[Dataset extract]
((

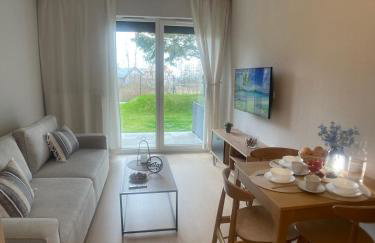 Donna Aparts - Foto 6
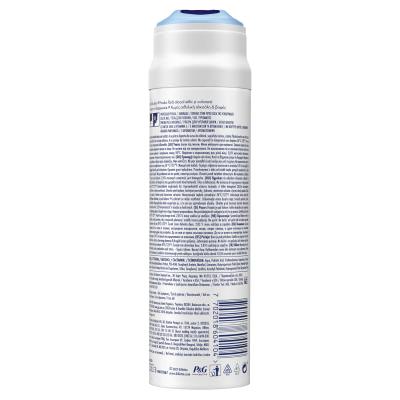 Gillette Skin Ultra Sensitive Shave Gel Gel na holení pro muže 200 ml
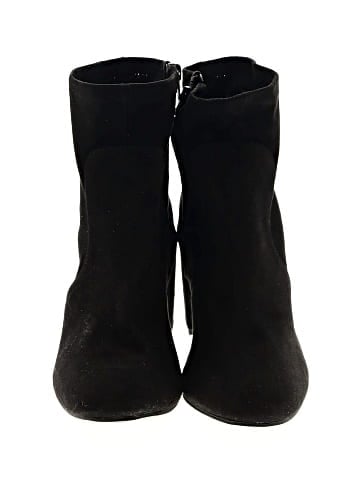 Mari A Ankle Boots (view 2)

))

No pictures, please. Output the listing above exactly as it stands.

[Output]
 Donna Aparts - Foto 6
 Gillette Skin Ultra Sensitive Shave Gel Gel na holení pro muže 200 ml
 Mari A Ankle Boots (view 2)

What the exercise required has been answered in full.